Dataset excerpts START
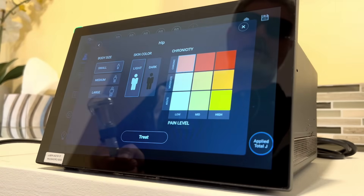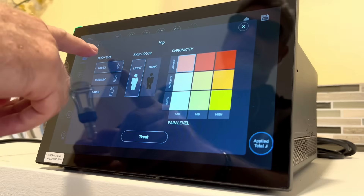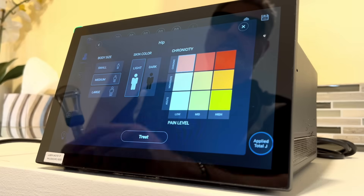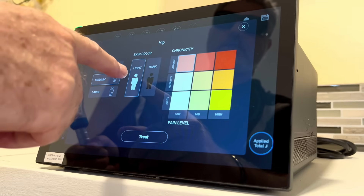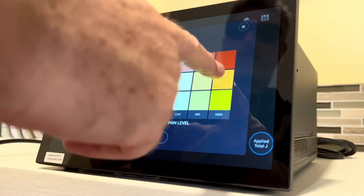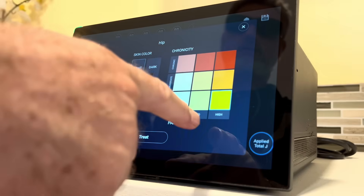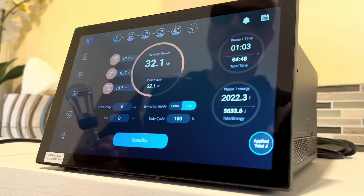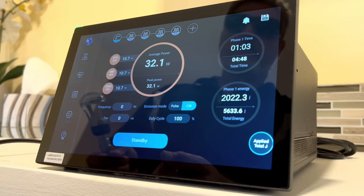Let's try the hip protocol. Whatever protocol you choose, you get this opening screen where you choose the body size: small, medium, or large. Imagine we're working with a medium person with light or dark skin — you get to choose. Then you select the chronicity and pain level; say someone's got a lot of acute pain, go with that section, then press Treat.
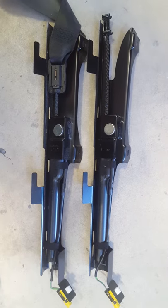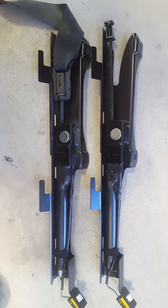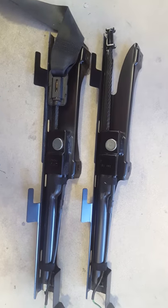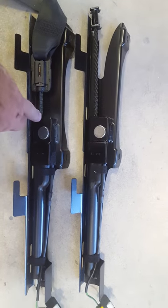Here's the difference between a seat belt pre-tensioner for a 2017 GTI — the difference between a good one and a bad one. One that is fired off, you can see the cable is very short.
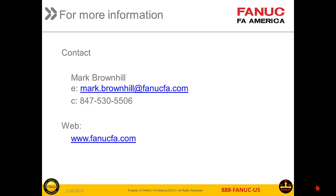I hope this has been a useful introduction to NCGuide Academic Packages. If you need more information, you can contact me, Mark Brownhill, at the email shown below, my cell phone number, or look on the web at www.fanucafe.com.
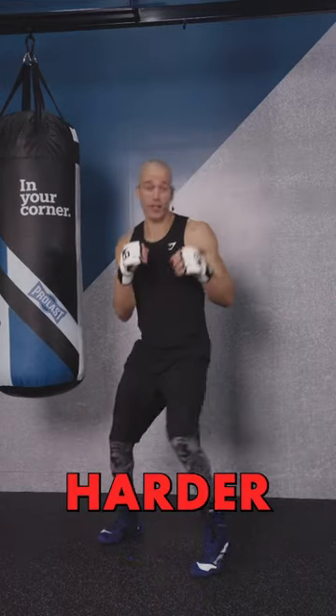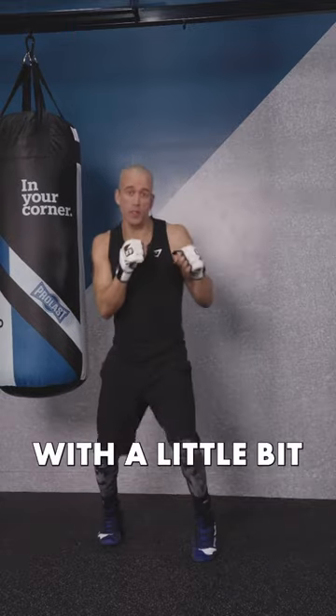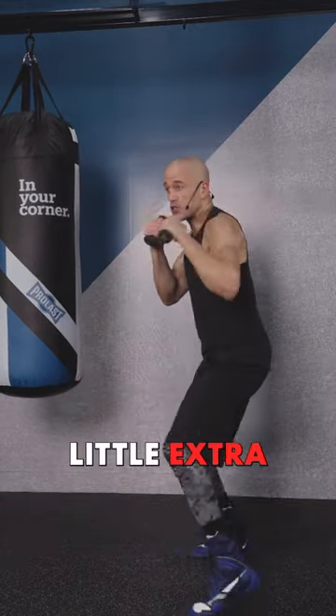How do you make shadow boxing harder? Well, you can add shadow boxing gloves with a little bit of resistance, or two pound hand weights for a little extra resistance.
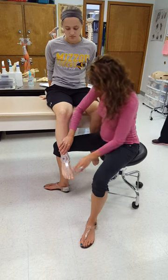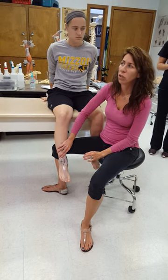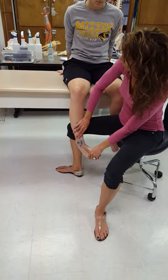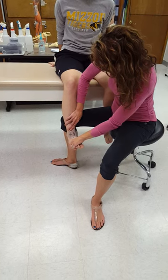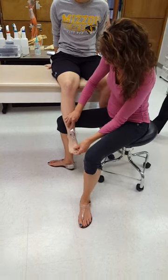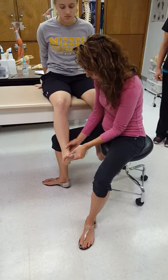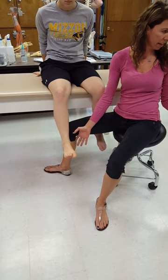One thing students forget is to get the ankle in neutral dorsiflexion/plantar flexion before doing inversion. If you allow her to go all the way into plantar flexion, she's going to have a lot more movement than if you put her in neutral and isolate inversion. You don't have to measure neutral precisely — just eye it. Make sure they're not really dorsiflexing or plantar flexing; they're pretty much at a 90-degree angle.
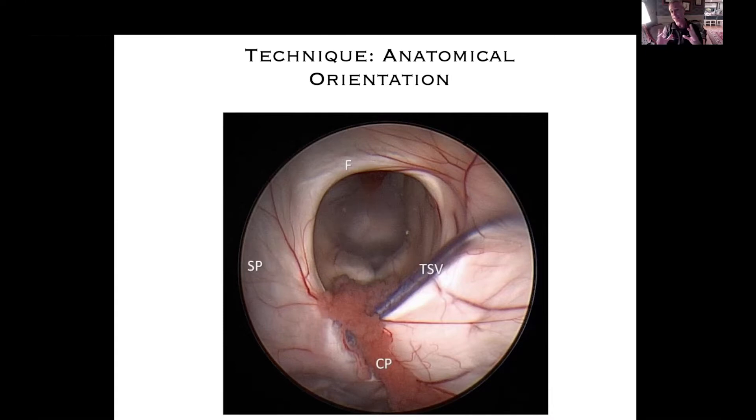Here you can see the anatomy really nicely because this is a large ventricle. The fornix is labeled F, the septum pellucidum is on the left, and then you're looking through the foramen of Monroe at the third ventricle, where you can actually make out most of the anatomy. Even from this view you can see the mammillary body on the left very clearly, you can see the infundibular recess anteriorly, and the floor of the third ventricle here appears a little bit opaque.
Dataset excerpts END
Could you repeat exactly the lines from the first one of the records above through the line containing "I hope this", leaving out any pictures?

• [Finished exercise]
Let's try the hip protocol. Whatever protocol you choose, you get this opening screen where you choose the body size: small, medium, or large. Imagine we're working with a medium person with light or dark skin — you get to choose. Then you select the chronicity and pain level; say someone's got a lot of acute pain, go with that section, then press Treat.
Here's the difference between a seat belt pre-tensioner for a 2017 GTI — the difference between a good one and a bad one. One that is fired off, you can see the cable is very short.
I hope this has been a useful introduction to NCGuide Academic Packages. If you need more information, you can contact me, Mark Brownhill, at the email shown below, my cell phone number, or look on the web at www.fanucafe.com.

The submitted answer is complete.